▸ EXERCISE OBJECTIVE:
Omit the pictures and return exactly the stretch of the material below from the line with "Brown Women's Triple-Strap" through the line with "Half Sleeves Loose".

▸ DATA SUPPLIED:
##############################

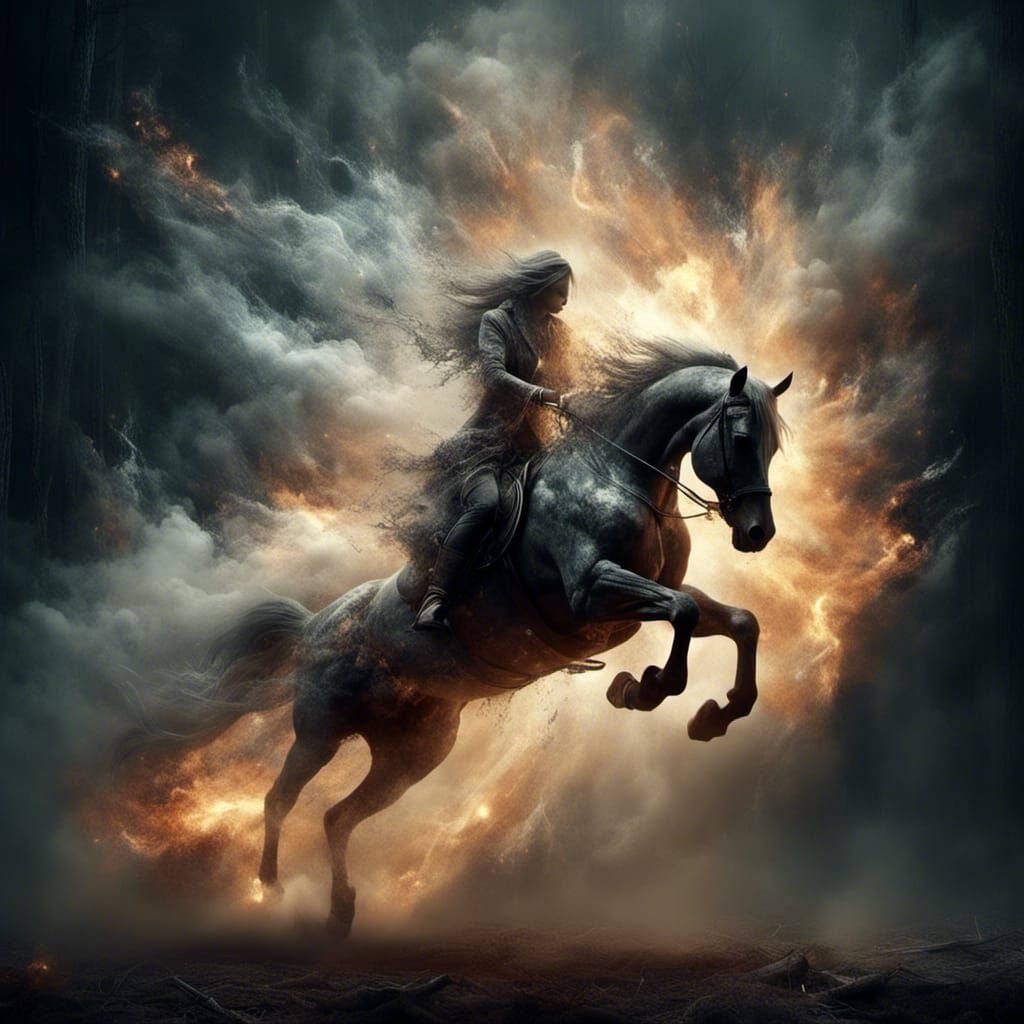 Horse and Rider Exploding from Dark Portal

##############################

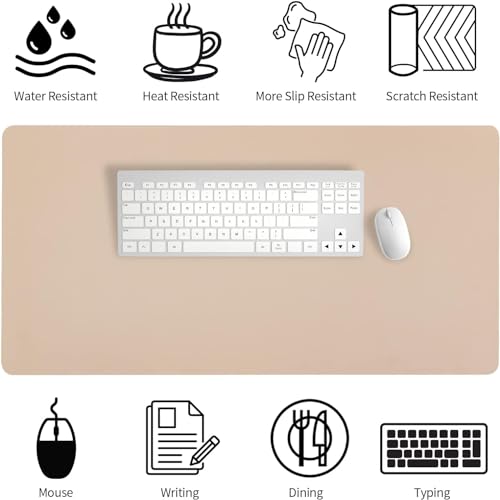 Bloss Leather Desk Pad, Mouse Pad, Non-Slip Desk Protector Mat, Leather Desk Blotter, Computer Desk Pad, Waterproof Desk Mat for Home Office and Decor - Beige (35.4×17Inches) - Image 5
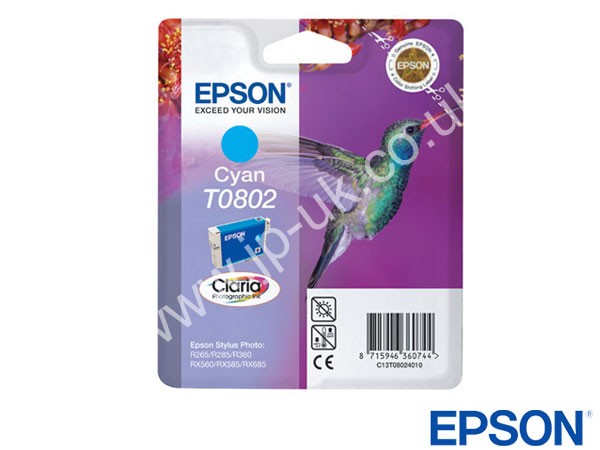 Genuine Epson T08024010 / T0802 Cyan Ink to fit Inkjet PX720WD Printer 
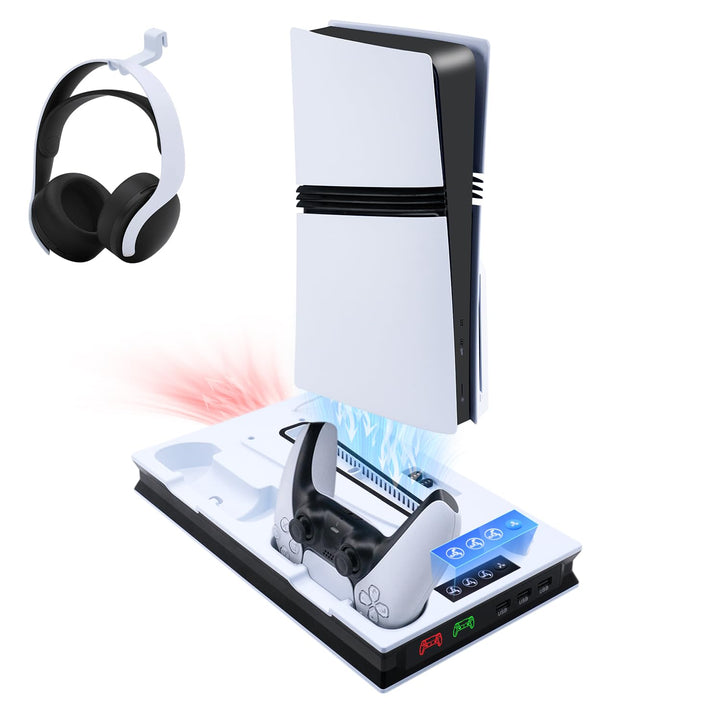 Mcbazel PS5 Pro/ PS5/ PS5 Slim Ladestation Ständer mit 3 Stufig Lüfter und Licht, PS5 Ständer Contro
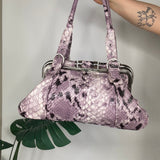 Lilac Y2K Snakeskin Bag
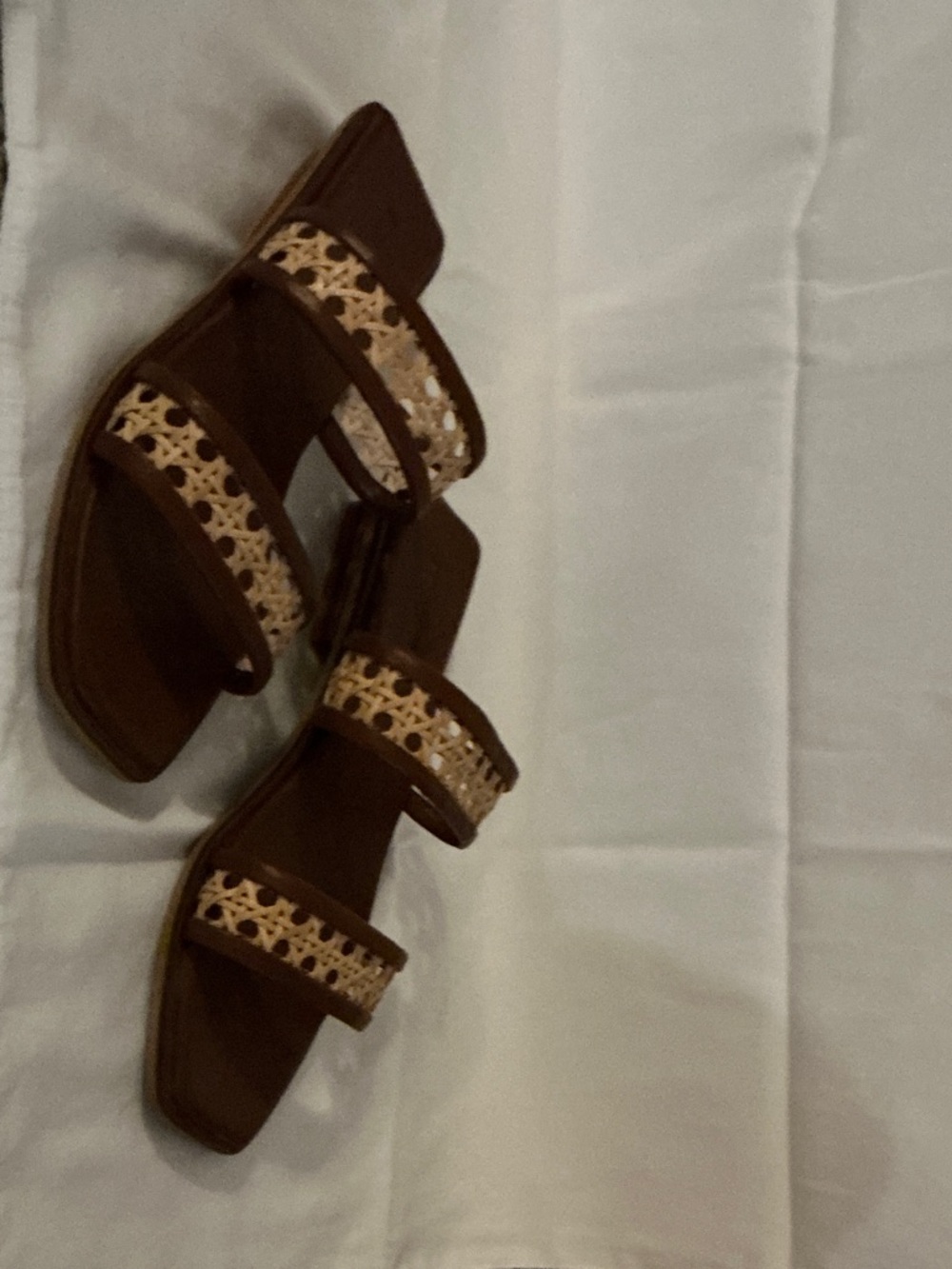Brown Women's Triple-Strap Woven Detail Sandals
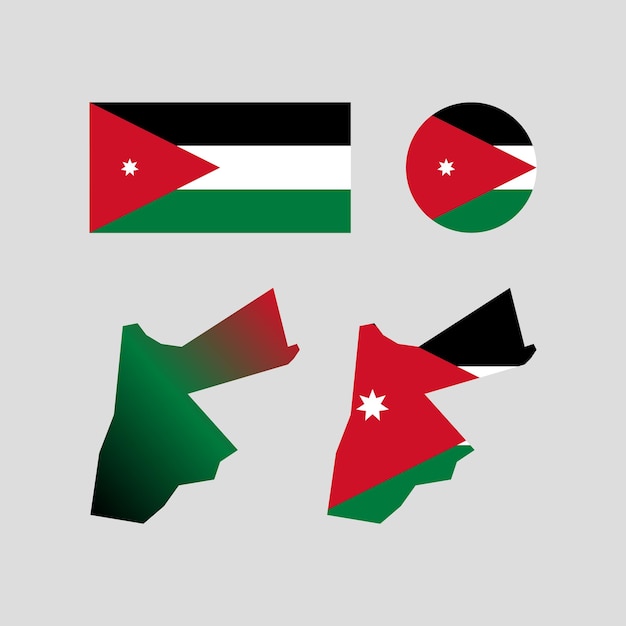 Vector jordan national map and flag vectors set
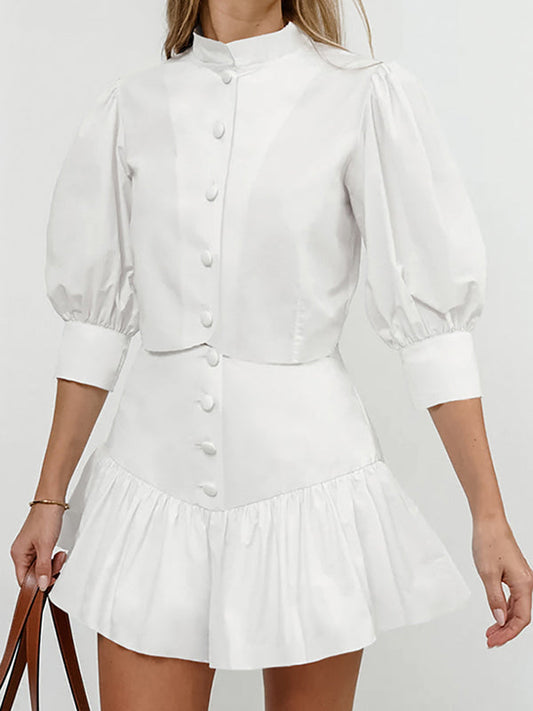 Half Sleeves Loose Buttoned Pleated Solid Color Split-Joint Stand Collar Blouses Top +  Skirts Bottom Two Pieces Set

##############################

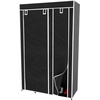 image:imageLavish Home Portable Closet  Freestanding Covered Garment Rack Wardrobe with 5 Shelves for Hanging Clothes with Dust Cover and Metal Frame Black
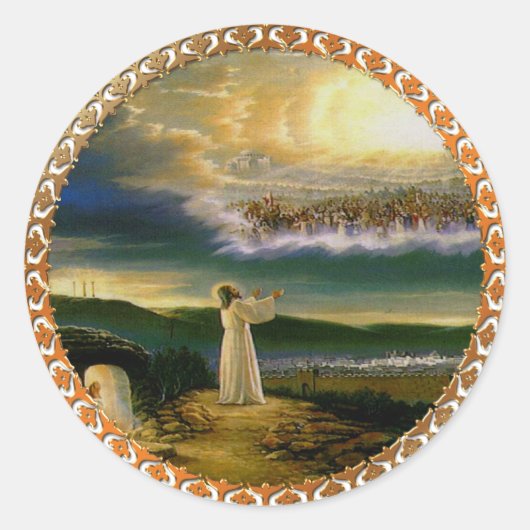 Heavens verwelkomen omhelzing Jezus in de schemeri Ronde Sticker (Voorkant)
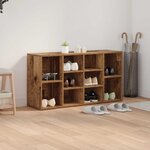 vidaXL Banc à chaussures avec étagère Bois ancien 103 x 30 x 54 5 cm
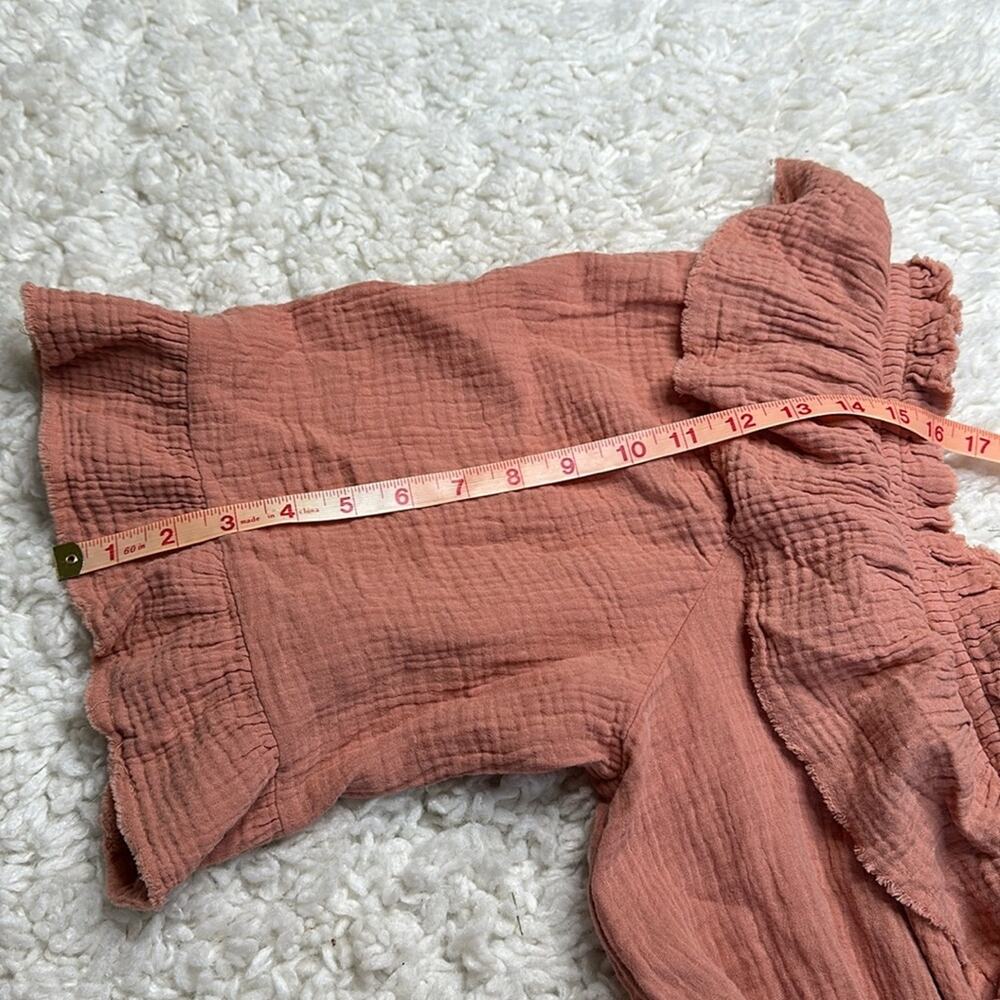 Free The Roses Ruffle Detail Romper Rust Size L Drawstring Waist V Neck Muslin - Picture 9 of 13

##############################

▸ YOUR RESPONSE:
Brown Women's Triple-Strap Woven Detail Sandals
 Vector jordan national map and flag vectors set
 Half Sleeves Loose Buttoned Pleated Solid Color Split-Joint Stand Collar Blouses Top +  Skirts Bottom Two Pieces Set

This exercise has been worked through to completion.